■ Work instruction
Ignoring the pictures, repeat every entry below exactly as it appears.

(Caption-style text data)
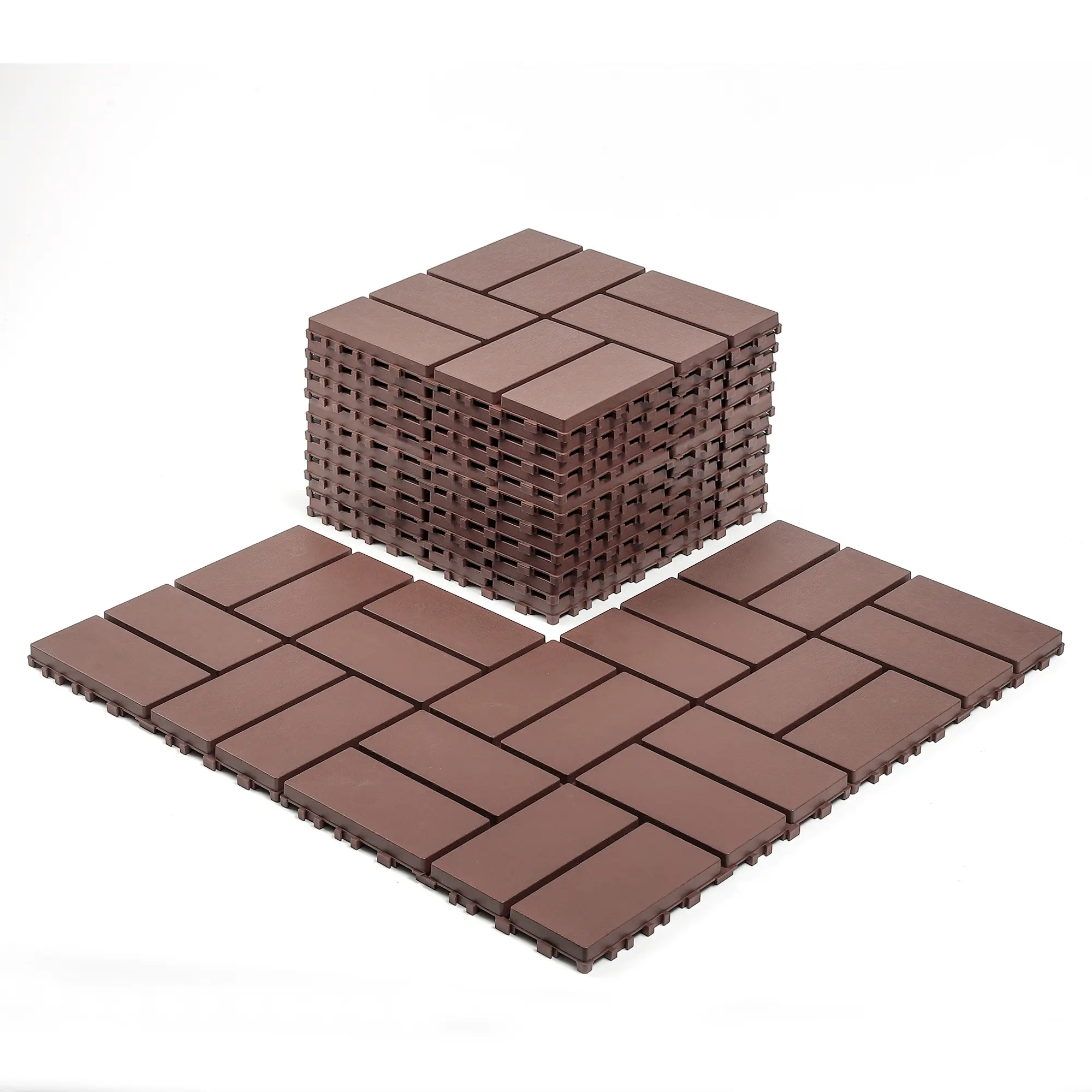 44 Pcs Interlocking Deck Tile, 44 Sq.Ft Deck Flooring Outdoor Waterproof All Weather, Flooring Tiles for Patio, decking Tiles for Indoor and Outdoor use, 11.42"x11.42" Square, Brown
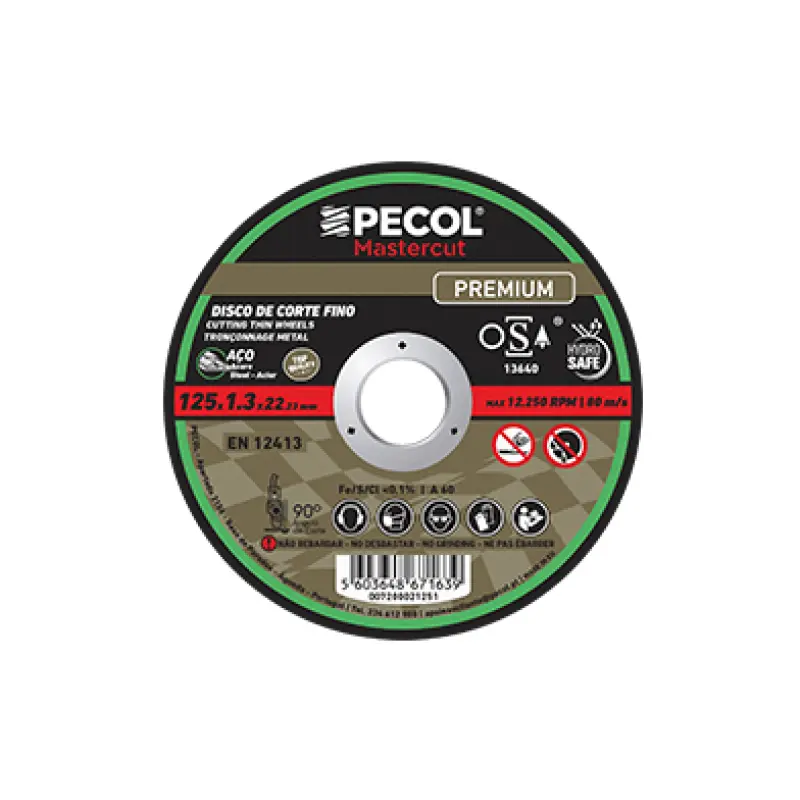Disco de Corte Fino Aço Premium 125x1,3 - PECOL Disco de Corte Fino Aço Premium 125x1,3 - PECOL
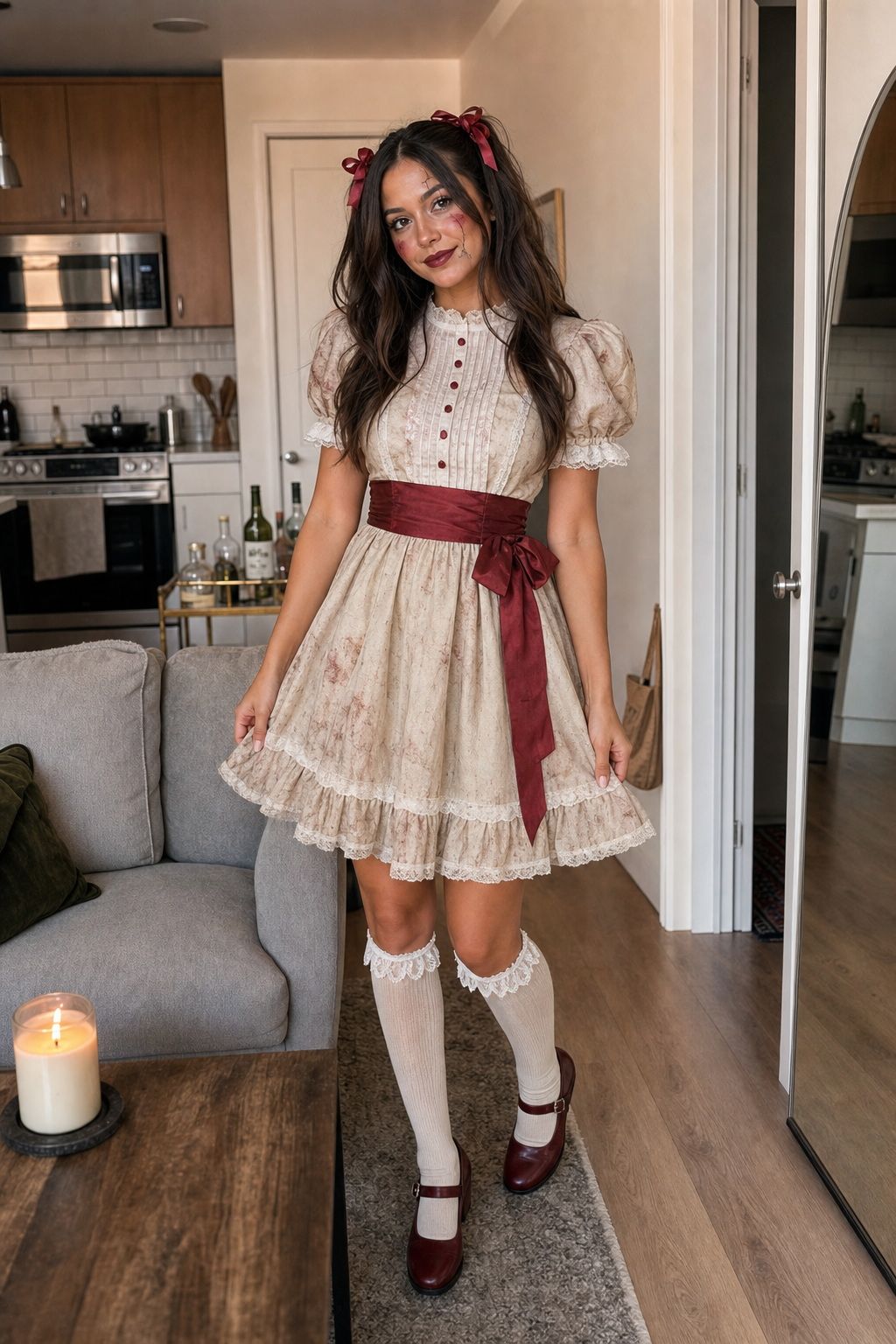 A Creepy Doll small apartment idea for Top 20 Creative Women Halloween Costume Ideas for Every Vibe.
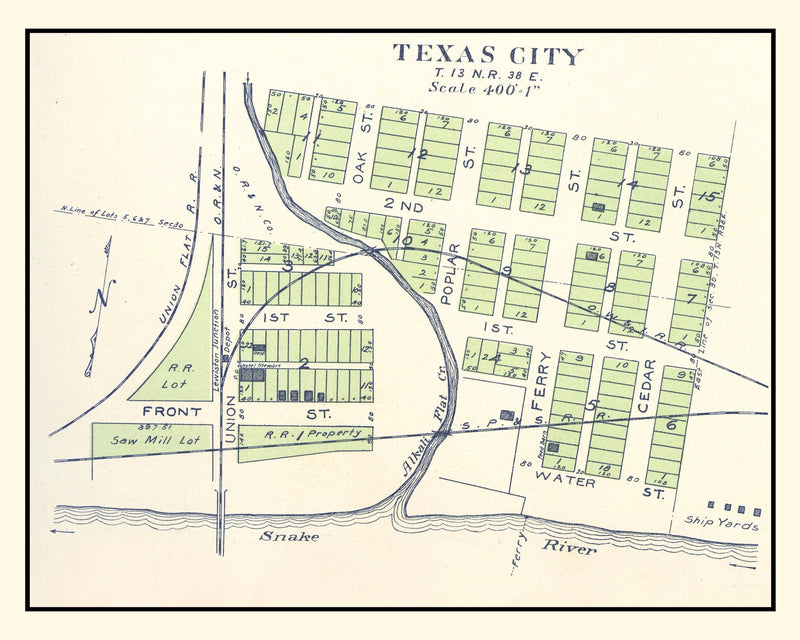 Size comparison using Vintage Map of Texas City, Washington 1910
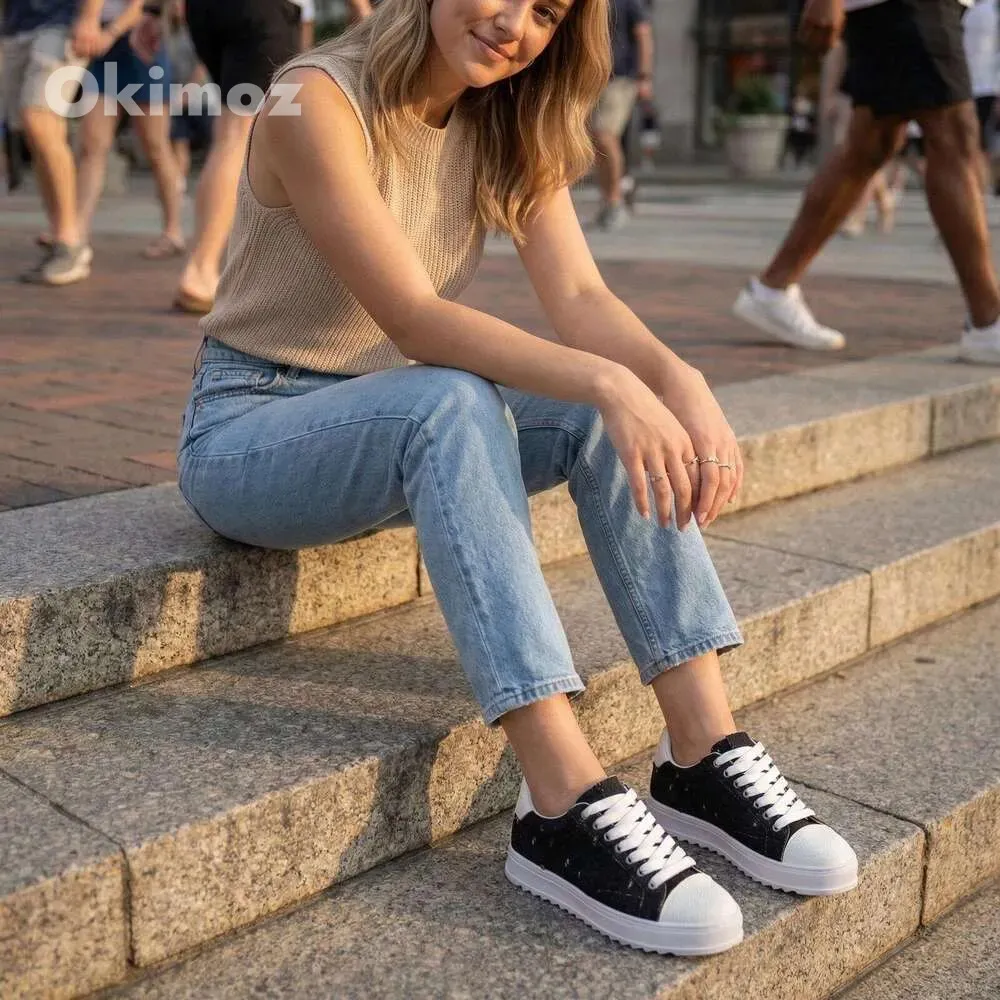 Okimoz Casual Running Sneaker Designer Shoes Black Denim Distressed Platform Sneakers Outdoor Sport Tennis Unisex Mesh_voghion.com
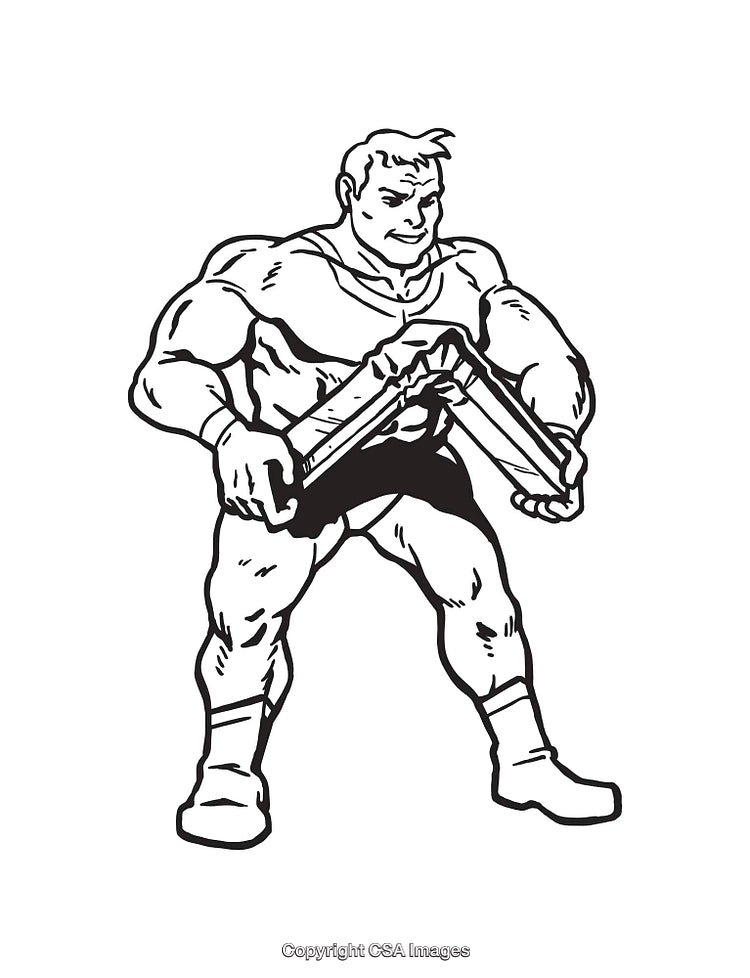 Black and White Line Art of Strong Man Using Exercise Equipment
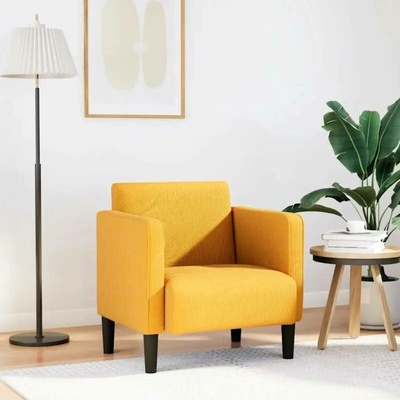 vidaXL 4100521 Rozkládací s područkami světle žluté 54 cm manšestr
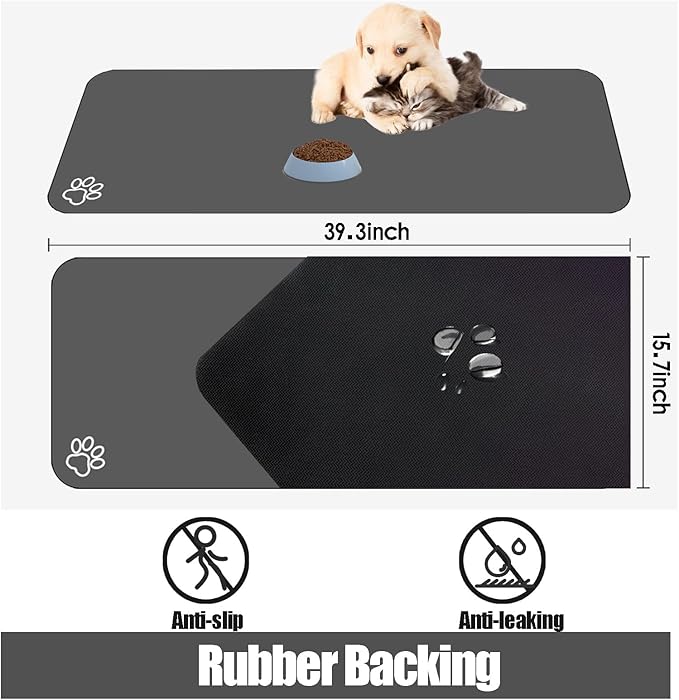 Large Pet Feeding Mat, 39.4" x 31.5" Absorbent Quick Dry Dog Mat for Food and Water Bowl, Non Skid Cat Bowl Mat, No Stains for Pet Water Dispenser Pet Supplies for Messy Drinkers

■ Solution for this exercise
 44 Pcs Interlocking Deck Tile, 44 Sq.Ft Deck Flooring Outdoor Waterproof All Weather, Flooring Tiles for Patio, decking Tiles for Indoor and Outdoor use, 11.42"x11.42" Square, Brown
Disco de Corte Fino Aço Premium 125x1,3 - PECOL Disco de Corte Fino Aço Premium 125x1,3 - PECOL
 A Creepy Doll small apartment idea for Top 20 Creative Women Halloween Costume Ideas for Every Vibe.
 Size comparison using Vintage Map of Texas City, Washington 1910
 Okimoz Casual Running Sneaker Designer Shoes Black Denim Distressed Platform Sneakers Outdoor Sport Tennis Unisex Mesh_voghion.com
 Black and White Line Art of Strong Man Using Exercise Equipment
 vidaXL 4100521 Rozkládací s područkami světle žluté 54 cm manšestr
 Large Pet Feeding Mat, 39.4" x 31.5" Absorbent Quick Dry Dog Mat for Food and Water Bowl, Non Skid Cat Bowl Mat, No Stains for Pet Water Dispenser Pet Supplies for Messy Drinkers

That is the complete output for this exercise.